No. Failing either the cash-flow test or the balance-sheet test means the company is insolvent. You do not need to fail both. Most companies that are struggling fail the cash-flow test first (they cannot pay debts as they fall due) even if their balance sheet still looks healthy on paper.
Can my company trade while insolvent?
There is no law against trading while insolvent. But from the moment insolvency is probable, your duties change and wrongful trading exposure under section 214 begins to accumulate. You can continue trading if you are taking steps to minimise creditor losses and acting on professional advice. You cannot continue trading while ignoring the problem and hoping it resolves itself.

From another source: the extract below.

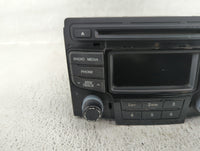 2014-2014 Hyundai Sonata Am Fm Cd Player Radio Receiver - Oemusedautoparts1.com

Who decides if a company is insolvent?
The directors should assess solvency on an ongoing basis. A licensed insolvency practitioner can provide a formal assessment. In disputed cases, the court makes the final determination based on the statutory tests. In practice, if the cash-flow test or balance-sheet test is clearly failed, the conclusion is straightforward.
What are contingent liabilities and why do they matter?
Contingent liabilities are debts that may arise depending on future events: pending legal claims, warranty obligations, guarantees given to third parties, dilapidation provisions on leased property. They matter because the balance-sheet test includes them. A company that looks solvent on its standard accounts may be insolvent once contingent liabilities are properly valued.
What is the timing point for wrongful trading liability?
Section 214 liability runs from the moment you knew, or ought to have known, that there was no reasonable prospect of avoiding insolvent liquidation. The court applies an objective standard, but evidence of an internal solvency review or contemporaneous IP advice is the cleanest defence. Acting on advice is the protective step.
Will my accountant tell me my company is insolvent?
Most accountants will flag concerns about going-concern viability through the audit or accounts-preparation process. They are not insolvency practitioners and cannot run the formal s.123 tests as a regulated function, but a competent accountant who reviews the management accounts will usually see the warning signs and recommend you seek IP advice.